El Tamboril Blanco 2017 is Garnachas Blanca and Gris off a tiny north facing 0.2ha site at 1,230 metres. The bottle run is a mere 395! Textured, long and concentrated, this wine is magic, but priced accordingly. I felt pretty honoured to get a good taste.

La Bruja de Rozas 2018 This is the wine most people will be familiar with, the “village wine” from the astonishing vineyards south of Madrid. I say astonishing. By the late 1990s I’d drunk bottles of Marques de Griñon’s Dominio de Valdepusa Syrah, back then a mere Vino da Mesa (of Toledo), now a Pago of its own, from zero to hero in the Spanish wine classification, so to speak. But there wasn’t much else down there apart from the genuinely stark beauty of the country between Spain’s old and new capital cities, which I remember from travelling these regions in my youth. It has a lovely texture but the fruit is so pure, as always with Comando G. A wine which completely justifies being called “alive”. This wine is great value considering the cost of the higher echelons of the Comando G range.

Tumba del Rey Moro 2017 is from a single vineyard of ungrafted Garnacha bush vines on pure white granite at 1,100 metres, and north facing. Tannic at the moment but a very fine wine. A “Grand Cru” in concept, it’s a new vineyard taken on by Dani and Fernando at Villanueva de Ávila. This needs time.

Rumbo al Norte 2017 is also a small single vineyard off granite at 1,150 metres asl near Navarrevisca. It’s a vineyard scattered with boulders and bush vines hugging the ground, beautifully photographed in warm sunlight by Estanis Núñes in Luis Gutiérrez’s “The New Vignerons” book (which I shall review soon).
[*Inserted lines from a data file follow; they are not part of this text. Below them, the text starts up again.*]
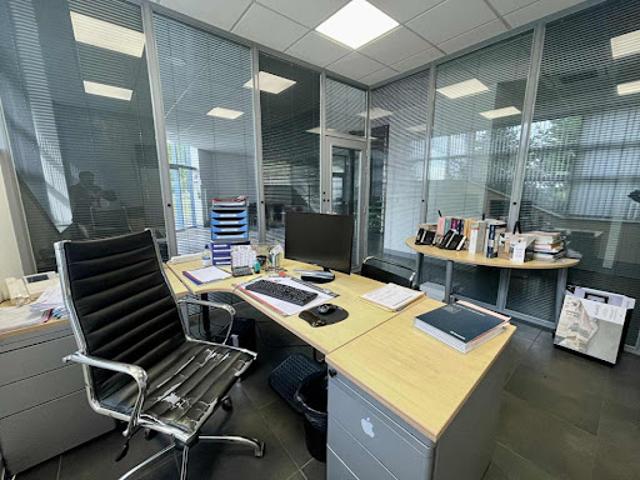 Location Bureaux 13 m2 Verneuil en Halatte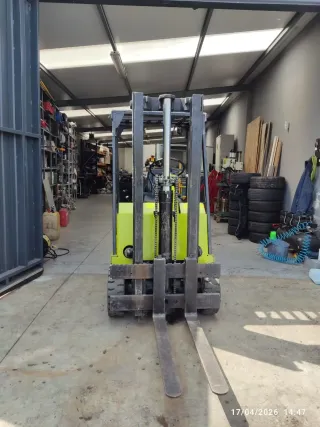 Carretilla elevadora Clark eléctrica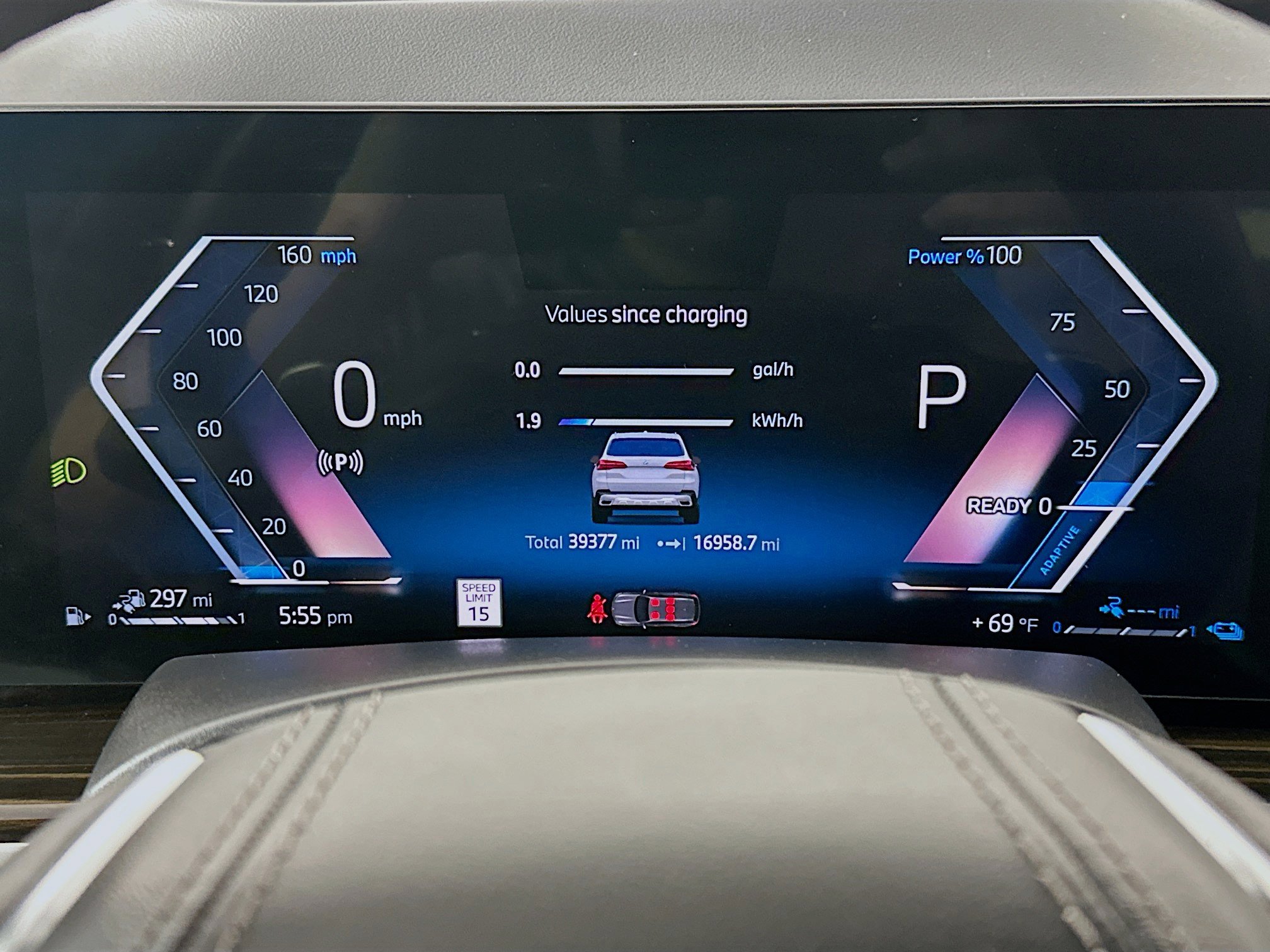 Used 2025 BMW X5 xDrive50e image 19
The wine is just remarkable, very accomplished, but also possibly a little more open (it has an extra year in bottle) than Tumba.
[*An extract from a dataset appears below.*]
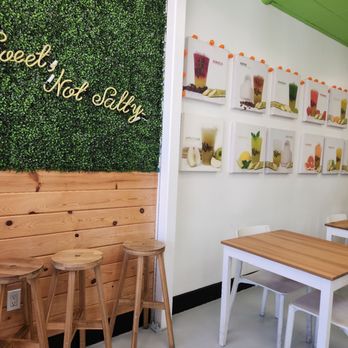 Ko Juice - Wall decor - Coffee & Tea Near Me - Glendale, California Ko Juice - Wall decor - Coffee & Tea Near Me - Glendale, California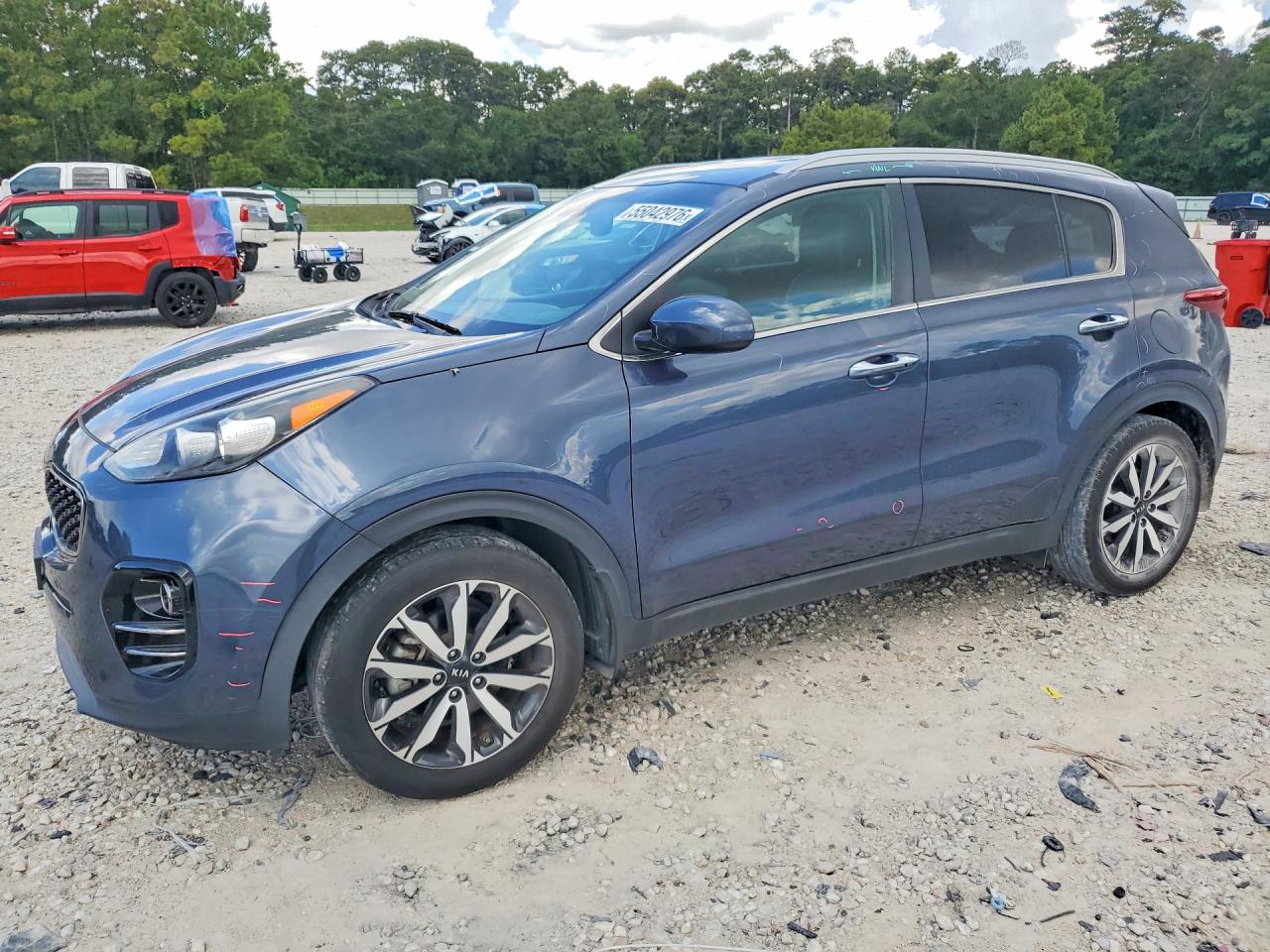 Salvage Kia Sportage Image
The key for all of these wines is the strawberry purity of the Grenache fruit, which is both focused yet also disappears like mist when you try to grasp it. The wine I didn’t taste (there wasn’t a bottle on the table) was the Rozas 1er from the Val del Tiétar. I have a 2015 which I may open soon, so look out for it in my regular “Recent Wines” in a little over a month. These Gredos wines should be in everyone’s cellar.

Daniel Landi’s own label is imported by Indigo Wine, whilst Comando G is under the command of Les Caves de Pyrene in the UK.

CELLAR PARDAS (Penedès)

So we step down a notch here, in terms of fame, but that’s not to say that Celler Pardas is not making some marvellous wines. They equally focus on terroir, albeit with different grape varieties, principally the locals Sumoll, Macabeo and Xarel-lo. They have a distinct advantage over the likes of Comando G, and that is price. We are in what is known as the Alt Penedès here, so these are not hot Mediterranean wines, but wines made from high altitude fruit taking advantage of diurnal temperature shifts and a long growing season.

Collita Roja 2015 I’ve drunk this cuvée with its striking red label quite a few times. It’s made from one of my favourite Spanish varieties, Sumoll, and from old vines. It sees 50% concrete and 50% used wood for ageing, and the result is a concentrated gastronomic wine of some interest.

Rupestris 2018 The name has nothing to do with vitis rupestris, it means “something that comes from stone” in dialect. It’s a blend of mostly Xarel-lo with 15% Malvasia de Sitgès. Everything is done in stainless steel with seven hours on skins during fermentation and then three months on gross lees during ageing. Vibrant, “elevated” (if that makes sense to anyone).

Xarel-lo 2017 is made from a selection of the oldest parcels of the variety and this is more mineral and textured with a nice refreshing acid balance.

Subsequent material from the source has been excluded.